The Anxiety of Influence is fucking crushing me right now. No, wrong literary term. I don’t even know the name of the crushing literary term appropriate for my ridiculous fears of inadequacy in the face of so many impending, lingering, waiting projects. All of those self disappointments waiting to break through the Fourth Wall of the future and squash me into the soil. I have opportunities to grasp. I do not have the energy at times. Opportunities are missed by me – given to those who have more grit. No, too negative. God damn it. I miss opportunities by burning up all of my energy at a job bottling vodka in the daytime, then coming home to a passive half-nap, a kind of existential laydown but not quite sleep, and not quite fully realized thought.

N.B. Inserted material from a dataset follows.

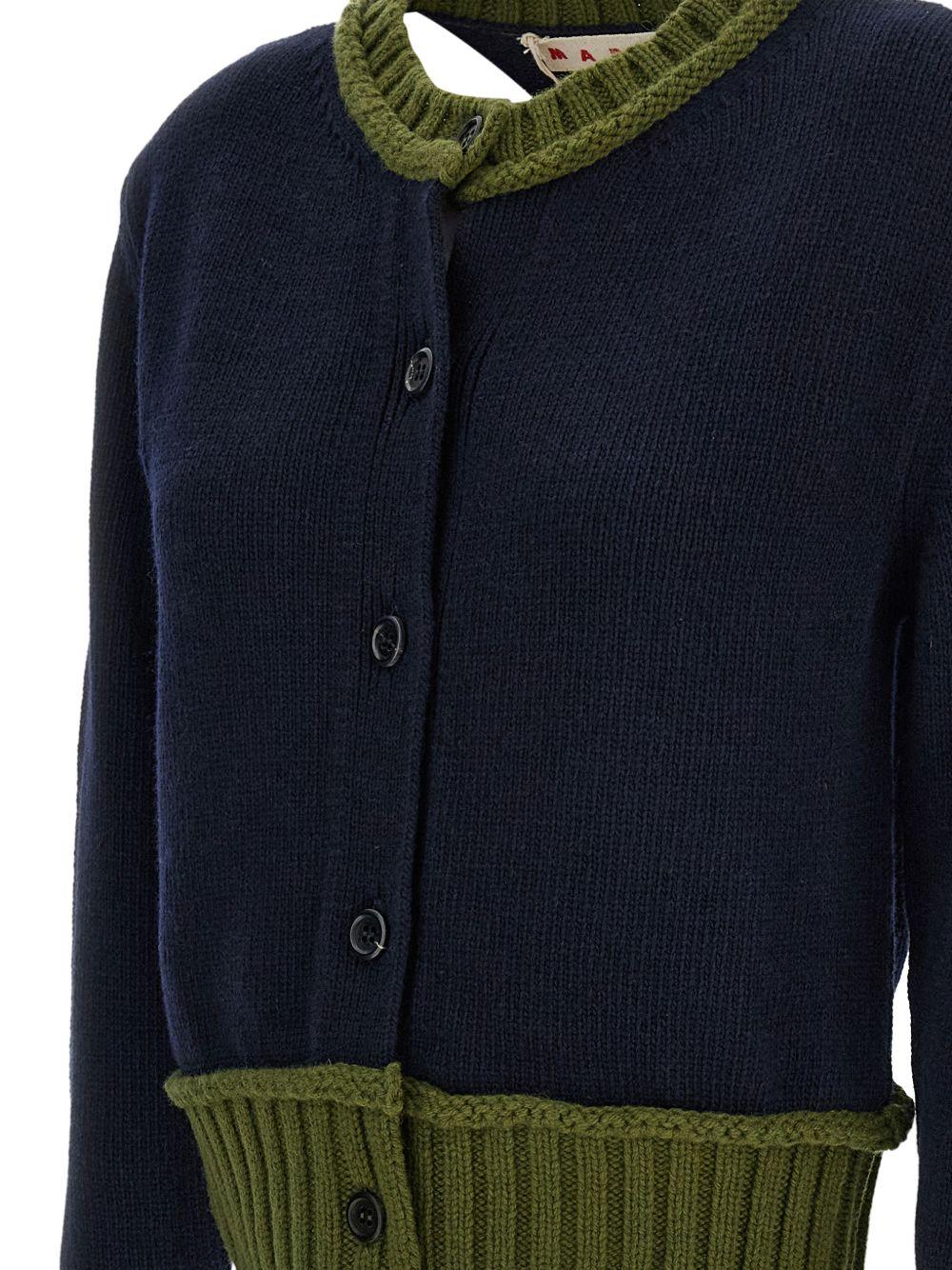 Cardigan con dettagli a contrasto in blu e verde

I am haunted by my unfinished projects when I am busy. These phantom-ideas leave me be when they have adequate free time to manifest. Maybe it is because I feel myself slipping away. What I mean is, when I am busy with something (painting a wrought iron gate or putting whisky into boxes onto crates into stacks into trucks into livers) I do not have the leisure to imagine myself working creatively and actively on a project. Again. I’ll try again. An example. I want to finish reading Light In August by William Faulkner within the week so I can move on to other literature in preparation for the San Juan Islands writing exodus I will take at the end of the month… When I have the free time to spend on reading this wonderful and horrific “exploding” novel, I feel no anxiety for letting it sit there and rest with me. When I am waiting for the oven to cook a cheeseless pizza or the water in a cup to fill up or driving from work back home – the anxiety of the unfinished project becomes loud.
When busy – when the project of finishing and publishing a new song on soundcloud is impossible – I feel anxious and desire to work harder to accomplish the current task so I can go on home and do the task that made me anxious by my inattention to it. But when I get home, free from the crust of malted barley, I am paralyzed to perform this task of reading or producing music or emailing business men to gain their confidences for a future flight plan trip across the country… or or or…
Maybe shutting down like this is a natural rhythm in me. Something to be slogged through like a knee-deep cold river. Mud in the shoes. Sun in the eyes. Moving slowly, much too slow for the world to give a shit about my actions, my concerns.
I am afraid of disappearing into a shadow of myself when my little projects pile up pathetic with my inattention. I need a makeover of my life in order to address all of these ideas as well as connecting more with the present moment. My breath through the window. The dusty guitar sitting there unplayed.
“What does it matter who hears you if it feeds your soul?”
Yes, Mom. Eventually I need to leave the basement and show the world what I’ve found in my isolation.